Crawled caption data ::
"""
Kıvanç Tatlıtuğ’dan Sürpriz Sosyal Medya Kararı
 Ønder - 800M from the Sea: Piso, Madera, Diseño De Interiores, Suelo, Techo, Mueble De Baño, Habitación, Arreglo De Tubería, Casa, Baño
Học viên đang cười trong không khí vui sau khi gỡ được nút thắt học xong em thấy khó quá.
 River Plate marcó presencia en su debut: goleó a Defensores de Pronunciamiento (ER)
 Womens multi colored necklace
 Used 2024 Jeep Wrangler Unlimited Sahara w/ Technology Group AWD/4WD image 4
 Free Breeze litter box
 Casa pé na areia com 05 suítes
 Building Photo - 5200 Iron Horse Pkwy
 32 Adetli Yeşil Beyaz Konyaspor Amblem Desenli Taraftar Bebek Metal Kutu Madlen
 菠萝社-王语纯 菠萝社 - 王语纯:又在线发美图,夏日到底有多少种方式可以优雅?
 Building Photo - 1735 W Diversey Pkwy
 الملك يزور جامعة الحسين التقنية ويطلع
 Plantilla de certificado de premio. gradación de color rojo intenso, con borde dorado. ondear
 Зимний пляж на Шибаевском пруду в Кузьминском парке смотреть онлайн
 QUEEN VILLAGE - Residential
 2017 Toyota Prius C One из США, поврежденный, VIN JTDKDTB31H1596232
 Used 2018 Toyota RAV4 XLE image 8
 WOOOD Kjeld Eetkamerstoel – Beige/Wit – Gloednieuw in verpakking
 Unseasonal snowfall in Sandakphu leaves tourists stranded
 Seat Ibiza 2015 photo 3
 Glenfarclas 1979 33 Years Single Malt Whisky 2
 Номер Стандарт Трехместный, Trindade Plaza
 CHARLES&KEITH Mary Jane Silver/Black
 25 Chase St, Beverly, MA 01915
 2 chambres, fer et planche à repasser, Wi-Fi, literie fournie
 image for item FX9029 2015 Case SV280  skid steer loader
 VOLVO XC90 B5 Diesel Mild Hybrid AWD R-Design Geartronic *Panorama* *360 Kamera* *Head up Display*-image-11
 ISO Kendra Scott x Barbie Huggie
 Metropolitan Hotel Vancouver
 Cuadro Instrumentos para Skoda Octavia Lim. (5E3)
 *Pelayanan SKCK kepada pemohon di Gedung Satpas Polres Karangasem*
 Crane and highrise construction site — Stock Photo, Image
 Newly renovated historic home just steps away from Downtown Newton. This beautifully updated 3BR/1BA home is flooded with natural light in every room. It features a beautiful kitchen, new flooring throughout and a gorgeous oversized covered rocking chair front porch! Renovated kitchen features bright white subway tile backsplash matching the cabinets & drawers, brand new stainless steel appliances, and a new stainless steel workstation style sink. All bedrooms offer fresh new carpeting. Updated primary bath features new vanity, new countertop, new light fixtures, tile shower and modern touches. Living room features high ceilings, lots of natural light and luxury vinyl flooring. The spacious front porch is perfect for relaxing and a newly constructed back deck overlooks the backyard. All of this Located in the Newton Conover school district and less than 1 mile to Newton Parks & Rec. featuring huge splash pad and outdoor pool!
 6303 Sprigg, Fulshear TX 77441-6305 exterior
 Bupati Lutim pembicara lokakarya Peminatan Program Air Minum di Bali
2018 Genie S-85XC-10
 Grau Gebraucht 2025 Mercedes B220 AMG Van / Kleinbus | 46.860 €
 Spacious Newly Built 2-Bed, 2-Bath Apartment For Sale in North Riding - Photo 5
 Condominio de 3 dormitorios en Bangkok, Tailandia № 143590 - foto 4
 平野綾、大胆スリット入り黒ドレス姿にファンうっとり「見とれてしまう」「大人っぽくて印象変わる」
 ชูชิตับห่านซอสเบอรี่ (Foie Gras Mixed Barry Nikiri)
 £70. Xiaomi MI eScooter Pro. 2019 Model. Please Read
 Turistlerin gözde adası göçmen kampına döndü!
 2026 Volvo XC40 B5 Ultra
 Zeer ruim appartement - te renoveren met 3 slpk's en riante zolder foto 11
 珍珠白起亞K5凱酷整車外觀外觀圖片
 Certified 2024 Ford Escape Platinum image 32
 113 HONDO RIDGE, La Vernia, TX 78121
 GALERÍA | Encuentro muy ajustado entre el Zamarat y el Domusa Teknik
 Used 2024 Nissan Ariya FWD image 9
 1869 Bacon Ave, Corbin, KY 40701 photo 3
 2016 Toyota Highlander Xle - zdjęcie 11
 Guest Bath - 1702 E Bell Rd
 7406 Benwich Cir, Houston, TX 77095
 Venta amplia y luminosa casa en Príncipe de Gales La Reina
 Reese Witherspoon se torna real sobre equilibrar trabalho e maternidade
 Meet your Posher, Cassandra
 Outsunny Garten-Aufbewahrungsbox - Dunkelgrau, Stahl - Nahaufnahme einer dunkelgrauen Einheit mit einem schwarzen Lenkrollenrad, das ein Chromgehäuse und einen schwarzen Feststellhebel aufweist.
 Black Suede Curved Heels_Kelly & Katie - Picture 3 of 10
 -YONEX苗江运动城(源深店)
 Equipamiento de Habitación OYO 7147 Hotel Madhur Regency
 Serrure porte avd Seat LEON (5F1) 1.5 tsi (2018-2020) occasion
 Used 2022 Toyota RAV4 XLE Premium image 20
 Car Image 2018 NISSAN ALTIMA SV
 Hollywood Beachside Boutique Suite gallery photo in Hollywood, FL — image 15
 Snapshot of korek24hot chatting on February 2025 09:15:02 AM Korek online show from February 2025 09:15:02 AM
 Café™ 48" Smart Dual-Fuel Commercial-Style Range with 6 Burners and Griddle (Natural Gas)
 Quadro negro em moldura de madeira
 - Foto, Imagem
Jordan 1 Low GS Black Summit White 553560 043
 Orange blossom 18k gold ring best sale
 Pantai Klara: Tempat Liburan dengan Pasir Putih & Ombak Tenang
"""
Exercise details :: Every line above that carries the string "Toyota" should be copied.

Answer area ::
 2017 Toyota Prius C One из США, поврежденный, VIN JTDKDTB31H1596232
 Used 2018 Toyota RAV4 XLE image 8
 2016 Toyota Highlander Xle - zdjęcie 11
 Used 2022 Toyota RAV4 XLE Premium image 20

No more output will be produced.